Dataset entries
^^^^

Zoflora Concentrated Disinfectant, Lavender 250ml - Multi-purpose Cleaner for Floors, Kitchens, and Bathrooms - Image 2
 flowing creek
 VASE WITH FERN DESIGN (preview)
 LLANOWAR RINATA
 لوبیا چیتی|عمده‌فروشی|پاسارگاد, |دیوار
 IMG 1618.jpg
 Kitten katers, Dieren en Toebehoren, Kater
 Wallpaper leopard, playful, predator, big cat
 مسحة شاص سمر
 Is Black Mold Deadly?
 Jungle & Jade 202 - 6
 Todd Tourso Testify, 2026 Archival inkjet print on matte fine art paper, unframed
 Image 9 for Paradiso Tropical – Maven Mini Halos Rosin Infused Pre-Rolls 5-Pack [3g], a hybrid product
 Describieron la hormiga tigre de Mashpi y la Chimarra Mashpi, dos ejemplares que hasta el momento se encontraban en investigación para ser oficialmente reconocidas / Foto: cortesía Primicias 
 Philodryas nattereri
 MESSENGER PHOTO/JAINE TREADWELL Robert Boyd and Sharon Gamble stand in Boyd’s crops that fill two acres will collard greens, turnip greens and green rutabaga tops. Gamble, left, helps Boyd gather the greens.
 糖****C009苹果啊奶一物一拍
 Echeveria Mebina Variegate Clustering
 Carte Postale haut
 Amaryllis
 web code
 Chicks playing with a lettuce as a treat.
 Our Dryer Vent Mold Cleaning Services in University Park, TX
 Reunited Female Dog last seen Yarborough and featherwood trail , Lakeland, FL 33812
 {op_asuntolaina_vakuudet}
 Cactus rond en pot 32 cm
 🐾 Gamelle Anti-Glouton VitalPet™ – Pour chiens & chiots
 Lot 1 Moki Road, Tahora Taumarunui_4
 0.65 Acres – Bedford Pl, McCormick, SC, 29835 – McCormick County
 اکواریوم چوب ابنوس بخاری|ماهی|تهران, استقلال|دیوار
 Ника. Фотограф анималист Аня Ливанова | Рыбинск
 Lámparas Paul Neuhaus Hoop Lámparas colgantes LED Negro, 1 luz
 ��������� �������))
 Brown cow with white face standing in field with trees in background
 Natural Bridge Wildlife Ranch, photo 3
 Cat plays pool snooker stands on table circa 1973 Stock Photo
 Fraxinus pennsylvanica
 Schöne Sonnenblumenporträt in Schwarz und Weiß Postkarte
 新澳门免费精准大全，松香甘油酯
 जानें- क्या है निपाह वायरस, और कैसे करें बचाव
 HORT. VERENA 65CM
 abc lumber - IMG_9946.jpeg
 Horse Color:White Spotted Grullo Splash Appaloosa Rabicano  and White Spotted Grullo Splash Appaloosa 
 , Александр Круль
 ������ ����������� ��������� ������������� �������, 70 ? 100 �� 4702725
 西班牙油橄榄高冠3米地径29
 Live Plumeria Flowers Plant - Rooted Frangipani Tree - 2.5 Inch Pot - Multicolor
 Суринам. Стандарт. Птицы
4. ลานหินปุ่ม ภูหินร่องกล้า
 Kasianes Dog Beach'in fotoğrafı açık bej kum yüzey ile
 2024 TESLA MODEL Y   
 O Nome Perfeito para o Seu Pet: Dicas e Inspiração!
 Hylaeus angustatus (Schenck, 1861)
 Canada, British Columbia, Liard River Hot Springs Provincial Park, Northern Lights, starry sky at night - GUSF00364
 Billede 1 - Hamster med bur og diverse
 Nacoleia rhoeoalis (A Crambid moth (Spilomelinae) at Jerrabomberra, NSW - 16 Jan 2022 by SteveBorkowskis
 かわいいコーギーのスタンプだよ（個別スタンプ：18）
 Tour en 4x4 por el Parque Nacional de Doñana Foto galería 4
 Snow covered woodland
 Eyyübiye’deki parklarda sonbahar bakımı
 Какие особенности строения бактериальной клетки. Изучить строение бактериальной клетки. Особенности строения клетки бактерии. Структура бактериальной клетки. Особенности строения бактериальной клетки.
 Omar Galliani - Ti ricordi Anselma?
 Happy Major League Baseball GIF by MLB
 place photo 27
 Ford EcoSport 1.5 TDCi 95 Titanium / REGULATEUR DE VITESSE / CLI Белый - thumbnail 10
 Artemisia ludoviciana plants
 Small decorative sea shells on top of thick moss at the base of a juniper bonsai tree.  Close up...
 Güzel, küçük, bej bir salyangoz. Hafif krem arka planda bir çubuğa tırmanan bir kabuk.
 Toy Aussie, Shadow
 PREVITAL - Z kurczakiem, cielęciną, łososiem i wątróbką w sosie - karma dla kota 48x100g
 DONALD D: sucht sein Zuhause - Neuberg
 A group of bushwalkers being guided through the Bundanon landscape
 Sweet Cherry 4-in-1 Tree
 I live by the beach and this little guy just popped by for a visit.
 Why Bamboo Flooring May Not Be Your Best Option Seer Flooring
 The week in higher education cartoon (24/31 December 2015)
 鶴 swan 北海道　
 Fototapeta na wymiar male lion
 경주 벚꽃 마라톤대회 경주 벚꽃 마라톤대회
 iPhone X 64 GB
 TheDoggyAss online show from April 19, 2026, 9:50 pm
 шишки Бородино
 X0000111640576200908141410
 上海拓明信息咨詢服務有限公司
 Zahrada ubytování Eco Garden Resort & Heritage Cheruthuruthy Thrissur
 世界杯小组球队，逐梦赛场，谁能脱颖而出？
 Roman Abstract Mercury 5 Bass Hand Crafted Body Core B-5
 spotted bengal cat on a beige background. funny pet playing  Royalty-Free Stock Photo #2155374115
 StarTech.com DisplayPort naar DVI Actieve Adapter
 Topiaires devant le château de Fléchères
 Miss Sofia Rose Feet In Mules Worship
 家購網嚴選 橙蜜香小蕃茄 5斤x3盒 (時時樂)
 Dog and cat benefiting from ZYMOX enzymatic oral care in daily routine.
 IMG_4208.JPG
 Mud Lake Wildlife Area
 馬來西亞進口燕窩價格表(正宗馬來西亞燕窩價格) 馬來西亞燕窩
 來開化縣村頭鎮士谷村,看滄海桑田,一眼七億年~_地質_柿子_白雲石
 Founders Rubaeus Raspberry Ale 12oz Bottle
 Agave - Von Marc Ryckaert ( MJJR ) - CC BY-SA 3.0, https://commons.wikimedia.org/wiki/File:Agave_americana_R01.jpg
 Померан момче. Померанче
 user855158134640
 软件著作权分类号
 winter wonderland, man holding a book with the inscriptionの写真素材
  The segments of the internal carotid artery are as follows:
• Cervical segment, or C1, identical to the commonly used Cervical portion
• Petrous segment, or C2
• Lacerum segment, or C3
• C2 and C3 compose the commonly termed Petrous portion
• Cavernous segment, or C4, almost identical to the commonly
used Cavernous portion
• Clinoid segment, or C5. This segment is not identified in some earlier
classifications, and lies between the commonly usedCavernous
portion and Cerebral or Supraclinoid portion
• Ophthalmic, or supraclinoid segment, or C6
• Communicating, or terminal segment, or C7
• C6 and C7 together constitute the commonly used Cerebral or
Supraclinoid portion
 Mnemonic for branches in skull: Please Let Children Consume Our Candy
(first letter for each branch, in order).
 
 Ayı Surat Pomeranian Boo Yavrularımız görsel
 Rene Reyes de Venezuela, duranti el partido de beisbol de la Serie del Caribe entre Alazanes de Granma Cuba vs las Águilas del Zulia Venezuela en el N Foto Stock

^^^^

Goal of the exercise
Reproduce exactly the section above that begins at the line containing "世界杯小组球队，逐梦赛场，谁能脱颖而出？" and ends at the line containing "in some earlier", leaving out all other lines.

Result of the task
 世界杯小组球队，逐梦赛场，谁能脱颖而出？
 Roman Abstract Mercury 5 Bass Hand Crafted Body Core B-5
 spotted bengal cat on a beige background. funny pet playing  Royalty-Free Stock Photo #2155374115
 StarTech.com DisplayPort naar DVI Actieve Adapter
 Topiaires devant le château de Fléchères
 Miss Sofia Rose Feet In Mules Worship
 家購網嚴選 橙蜜香小蕃茄 5斤x3盒 (時時樂)
 Dog and cat benefiting from ZYMOX enzymatic oral care in daily routine.
 IMG_4208.JPG
 Mud Lake Wildlife Area
 馬來西亞進口燕窩價格表(正宗馬來西亞燕窩價格) 馬來西亞燕窩
 來開化縣村頭鎮士谷村,看滄海桑田,一眼七億年~_地質_柿子_白雲石
 Founders Rubaeus Raspberry Ale 12oz Bottle
 Agave - Von Marc Ryckaert ( MJJR ) - CC BY-SA 3.0, https://commons.wikimedia.org/wiki/File:Agave_americana_R01.jpg
 Померан момче. Померанче
 user855158134640
 软件著作权分类号
 winter wonderland, man holding a book with the inscriptionの写真素材
  The segments of the internal carotid artery are as follows:
• Cervical segment, or C1, identical to the commonly used Cervical portion
• Petrous segment, or C2
• Lacerum segment, or C3
• C2 and C3 compose the commonly termed Petrous portion
• Cavernous segment, or C4, almost identical to the commonly
used Cavernous portion
• Clinoid segment, or C5. This segment is not identified in some earlier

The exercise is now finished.